Disheartening conversations with senior colleagues may be pushing junior lawyers towards the exit door, the head of the criminal bar has suggested, urging more optimism and encouragement to tackle an 'unprecedented' recruitment crisis.

In her latest weekly update, Angela Rafferty QC, chair of the Criminal Bar Association, says highly talented and committed junior barristers are leaving crime 'in droves' due to a lack of financial certainty. 'Without investment in criminal legal aid both barristers and solicitors will see our numbers continue to haemorrhage,' she said.

Media reports of police and prosecution disclosure failures show that miscarriages of justice are 'inevitable' without committed solicitors and barristers, Rafferty said. The association is working with Richard Atkinson, chair of the Law Society's criminal law committee, to address the recruitment problem, consulting with the senior judiciary, Ministry of Justice, wider government and professional bodies, she revealed.

Angela Rafferty QC

Angela Rafferty QC

Source: Red Lion Chambers

In the meantime, 'one thing we can all do today is to welcome and encourage those who are interested in a career with us', Rafferty suggested. 'We could highlight the fascinating aspects and high importance of our work and take a few minutes to talk. We could join with our solicitor colleagues in discussing ways to resolve this problem rather than giving up and giving in to a sense of despair (as justified as this would be).

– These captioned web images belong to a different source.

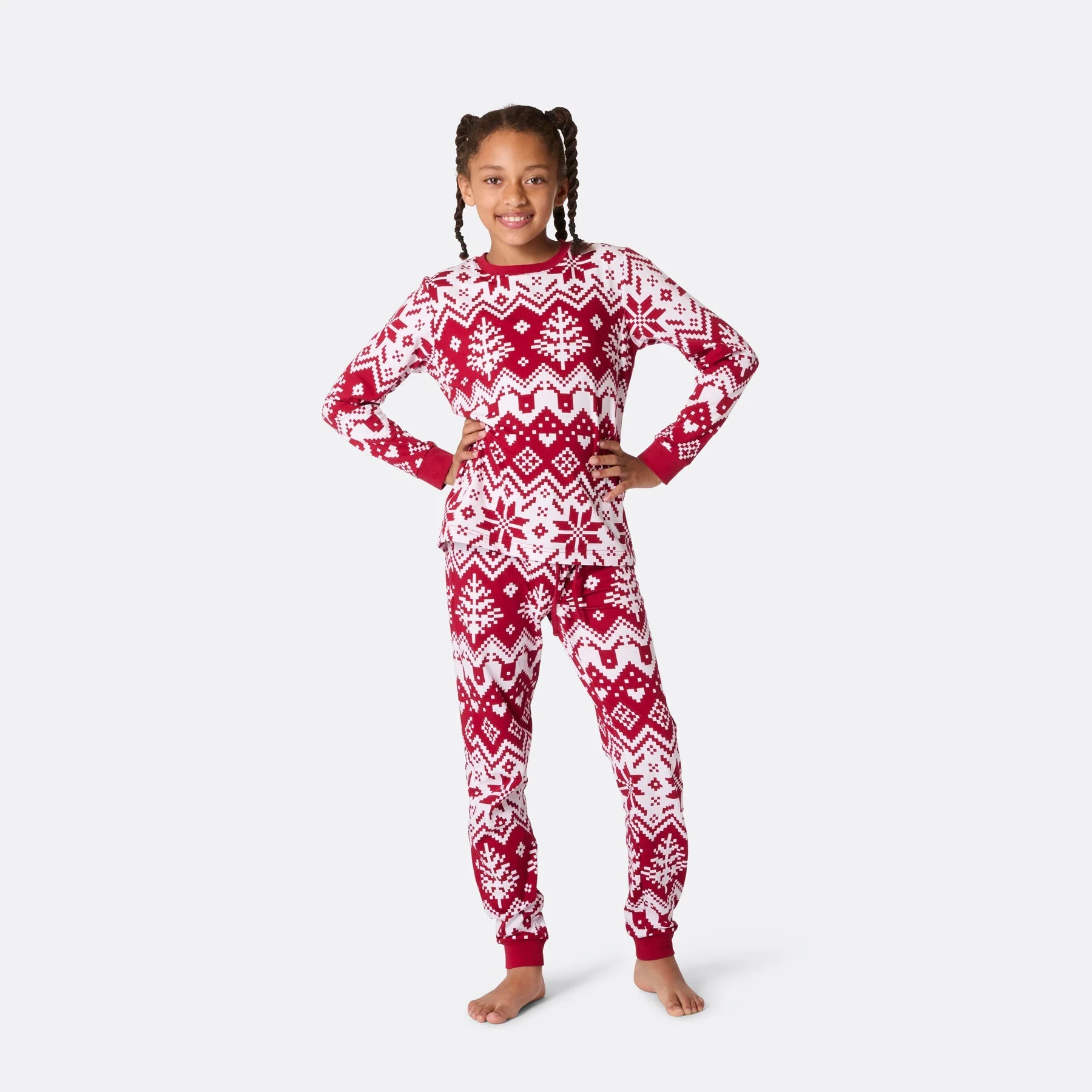 Red Christmas Knit Christmas Pyjamas Family - Image 5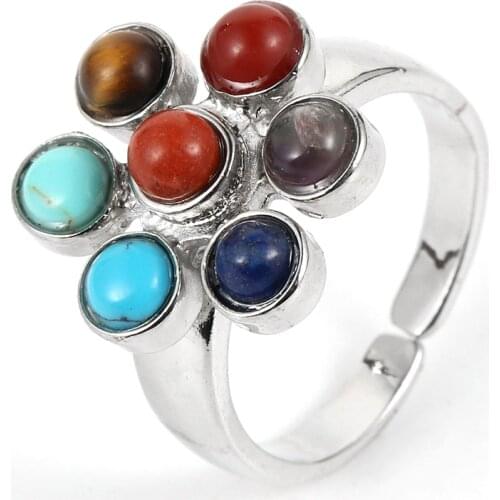 Women Men Natural Stone 7 Chakras Tiger Eye Turquoises Gem Stone Rings Onyx Amethysts Resizable Healing Reiki Joint Ring Jewelry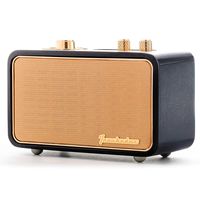 Vintage Bluetooth Speaker with Radio, TRENBADER.com Portable Wireless Speaker for Home Office Travel Indoor Outdoor, Customizable Retro Vintage Style, Natural Real Wood, Mic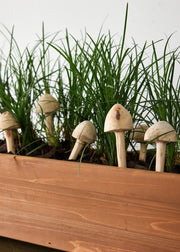 Hand-Carved Wood Mushroom Garden Stake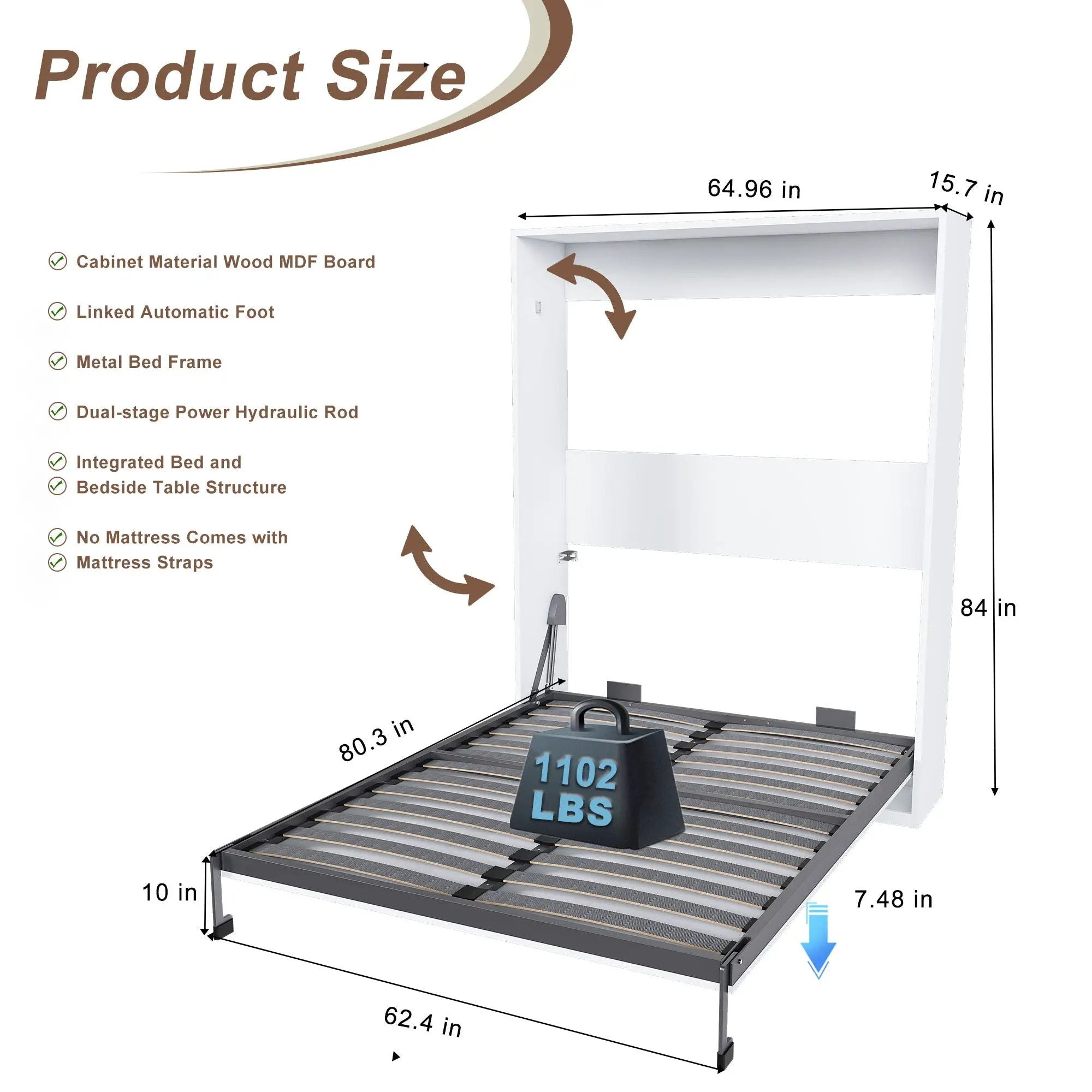 Queen Murphy Bed, Foldable Wall Bed, Space Saving Design For Bedrooms - White by Unique Piece Furniture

'We could also try supporting those young lawyers who are committed to a career in criminal law. Many report disheartening conversations and a real lack of inspiration from more senior colleagues. Those of us who are senior will remember how important guidance and encouragement was when we started. Optimism and determination to help costs nothing and can go some way in improving morale.'

Meanwhile, the association is asking every criminal silk to contribute towards its bursary fund for pupils and 'very junior' barristers. 'It will help those in the early years get on their feet, buy essentials for practice and survive,' Rafferty said.